Telus Corp. has filed a regulatory complaint with the British Columbia Securities Commission related to its proxy fight with a U.S. hedge fund that is trying to defeat its share consolidation plan.
The Vancouver-based telecommunications giant is asking the BCSC, the lead regulator in this case, to force Mason Capital Management LLC to disclose more information about its holdings in Telus and spell out how much money it could make by toppling the plan.
Since Telus’s share consolidation plan is subject to a shareholder vote at the company’s annual general meeting on May 9, the company has asked the regulator to hold a hearing on the matter as soon as possible, possibly as early as this week. It is unknown whether the BCSC will grant that request. A spokesman declined comment.
Mason, which controls about 18.7 per cent of Telus’s common voting shares, opposes the company’s proposal to eliminate its dual-share structure by converting each non-voting share into a common share on a one-for-one basis. It has argued the voting class deserves a premium because those investors have traditionally paid more for their shares.
In its letter to the BCSC, however, Telus accuses Mason of being “an opportunistic, event-driven New York hedge fund” that has less than a 0.25 per cent net economic interest in the company due to its short trades.
Mason is using a trading strategy that exploits the historical price gap between the two classes of shares. As a result, if it is successful in blocking the deal, the non-voting shares would likely fall, relative to the voting shares, allowing it to make a profit.
Even though Mason has divulged both its long and short positions as required by law, Telus wants the BCSC to force the money manager to come clean about why it acquired its large voting position and what it stands to gain by defeating the proposal.
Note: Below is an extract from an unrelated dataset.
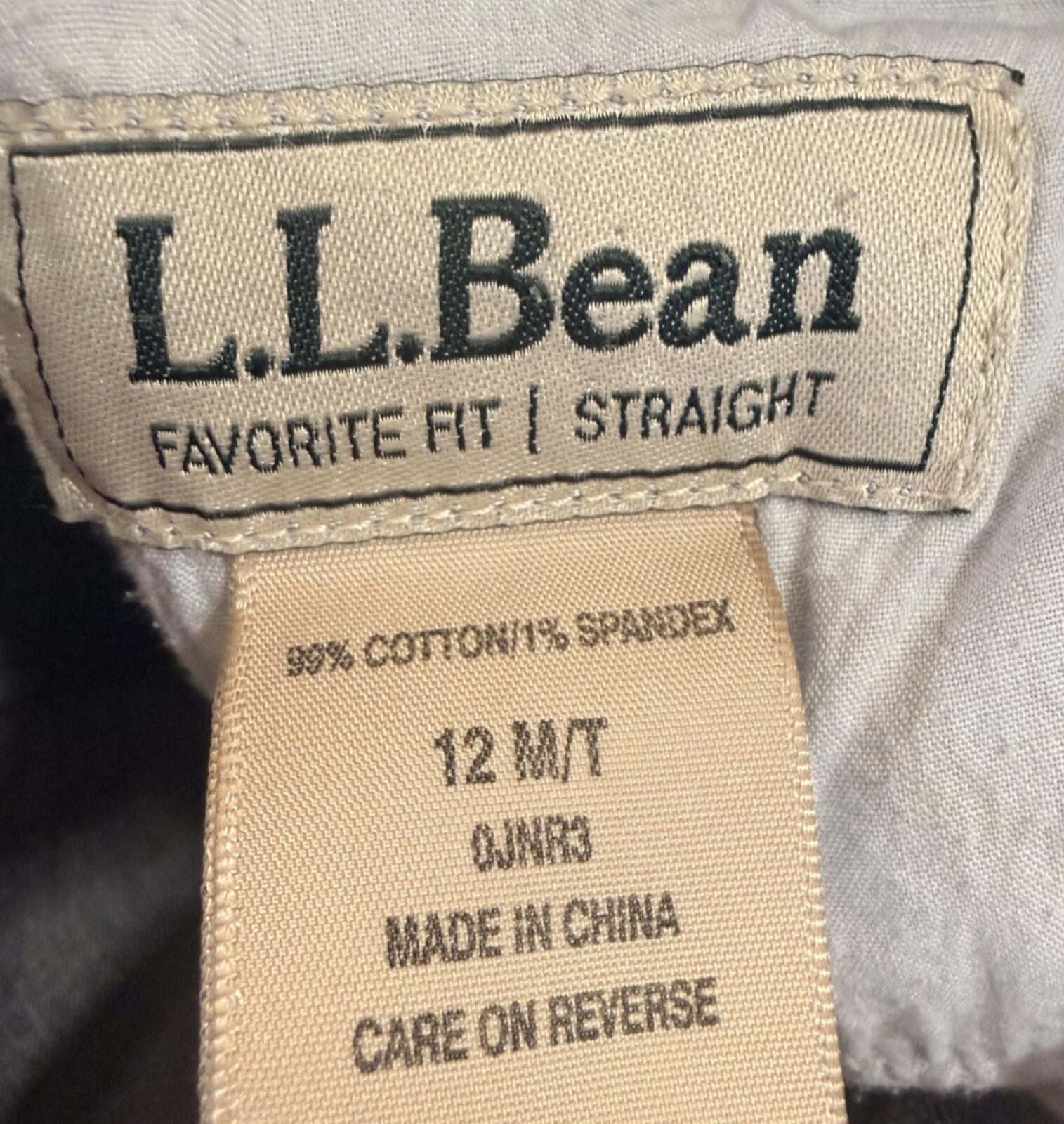 LL Bean Womens Favorite Fit Jeans Size 12 M/T Black Denim Straight Leg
“Mason must also disclose that as a result of its trading strategy, its interests are different from those of other holders of common shares,” wrote Robert Yalden, Telus’s lawyer, in a letter to BCSC general counsel David Thompson. “Telus shareholders will only be able to make a reasoned judgment about Mason’s opposition to the proposal if they are provided with this information.”
Telus’s plan requires the approval of two-thirds of the votes cast by each class of shareholder, putting Mason in a realistic position to thwart the plan – especially if it has allies among institutional investors or if voter turnout is low.
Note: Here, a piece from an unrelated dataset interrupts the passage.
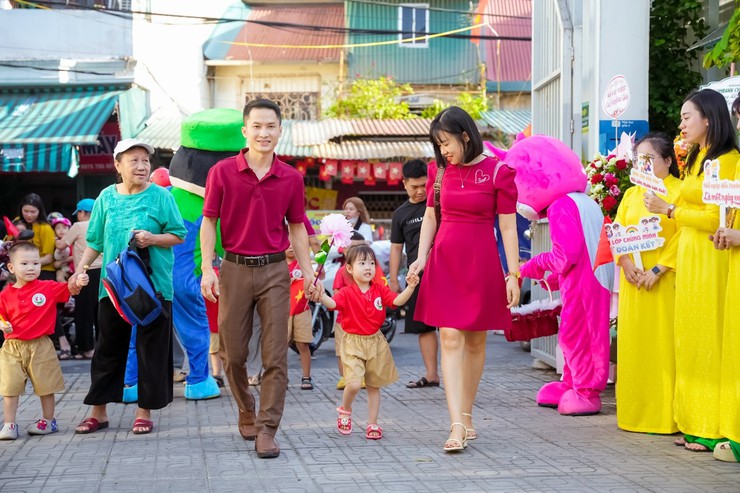 TRƯỜNG MẦM NON HOA MAI- NGÀY KHAI TRƯỜNG 
NGẬP TRÀN NIỀM VUI 
- Ảnh 5.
For its part, Mason dismissed Telus’s regulatory complaint as a diversionary tactic.
“It is unfortunate that Telus continues to try and divert attention from the real issue, which is the value of control. Mason has made numerous disclosures, which make our position abundantly clear,” spokesman Jonathan Gasthalter said in a statement.
Telus’s main beef is that Mason is using a tactic called “empty voting,” which is voting without an economic interest, to defeat the vote – a strategy it claims undermines shareholder democracy.
“In particular, while Mason presents various arguments against the proposal (many of which we submit are misleading), it does not disclose to shareholders that Mason has a material interest in defeating the proposal regardless of the merits of the proposal, as the success of the proposal is the only way in which its trading strategy will not succeed,” added Mr. Yalden in his correspondence with the BCSC.
“Mason is essentially indifferent as to whether the proposal would be in the long-term best interests of holders of common shares.”
As a result, it wants the BCSC to order the hedge fund to provide detailed information including when it first bought or sold voting and non-voting shares along with the number of shares from each class it has acquired since Telus announced the proposal in late February.
Moreover, Telus wants the BCSC to make Mason reveal the number of common and non-voting shares that it intends to vote at the annual meeting and divulge nitty-gritty details about its securities lending arrangements among other information.
Stephen Erlichman, executive director of the Canadian Coalition for Good Governance, declined comment on Telus’ proxy battle with Mason, but said regulators should be cracking down on empty voting in general.